Switzerland Reaffirms that Poker is a Game of Luck

written by: Haylie under News Comments: Comments Off

Several months ago, the Supreme Court of Switzerland passed down a ruling that poker was not primarily a game of skill, but rather a game of luck. This week, this same ruling was also upheld by the powerful governing council of Switzerland, the Federal Council. This is a big deal in the small country as this means that, based on Swiss law, real money poker play is illegal outside of an approved casino. However, in addition to upholding this ruling by the Swiss Supreme Court, the Federal Council did apply some clarification to allow for lenience on Swiss gambling law in regards to poker play.

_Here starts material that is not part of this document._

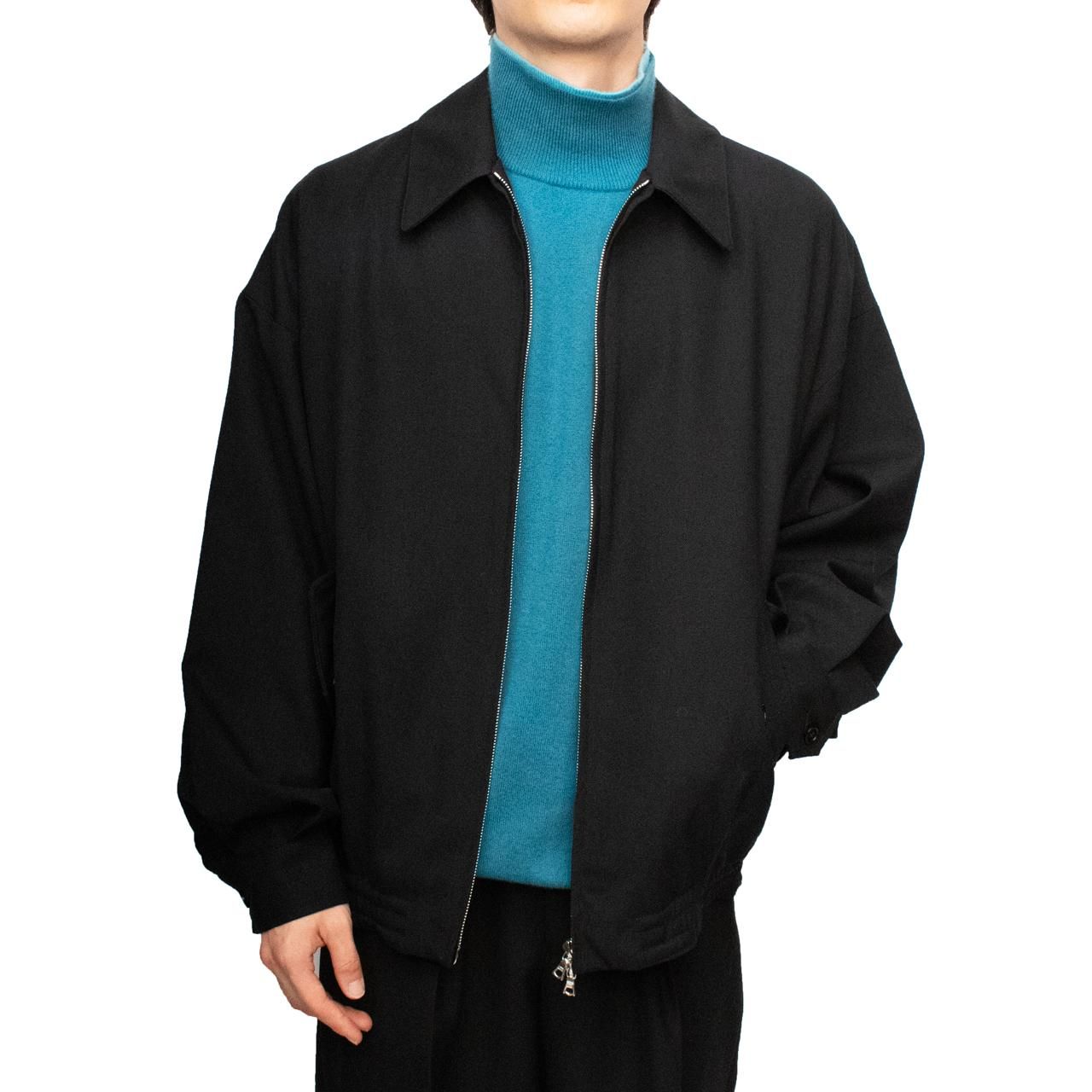 MARKAWARE (マーカウェア)23FW/秋冬 WIDE SPORTS JACKET BLACK -ORGANIC WOOL SURVIVAL CLOTH-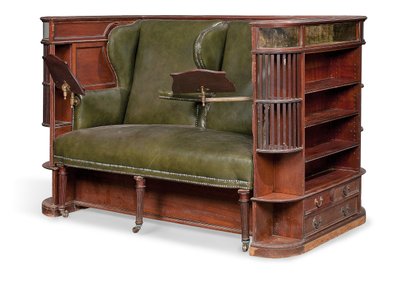 Edwardianské „kočárové“ sedadlo, začátek 20. století (mahagon a kůže) od Charles Hindley and Sons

One of the conditions placed on the ruling was that non-professional games played in someone’s home - such as a Friday night game of real money poker between a few friends – would still be legal under Swiss law. However, it would be illegal for a bar to host a real money poker tournament, even if the establishment did not directly profit from the event. Another entity that the Swiss ruling does not touch is the practice of online poker play for real money.

While online poker players from Switzerland can let out a sigh of relief for now, there is a looming problem with this ruling that is concerning many online poker professionals and casual players alike. With the passage of this law, Switzerland has now taken a stance on the idea of gambling outside of a casino - something that they all but ignored before. In addition, classifying poker as a game of luck further causes problems for possible further laws that might seek to further limit the play of real money poker outside of casinos.

One of the reasons why this ruling came down was that casinos registered complaints that, due to poker tournaments held outside of their establishments, they were losing money in their poker rooms. While this would normally seem to fall under the “tough luck” category, Swiss casinos directly contribute to the country’s taxes. Because of this, the Swiss Supreme Court recognized the urgency of the ruling and the Federal Council agreed that the necessary tax revenue could not be diminished by private professional poker tournaments.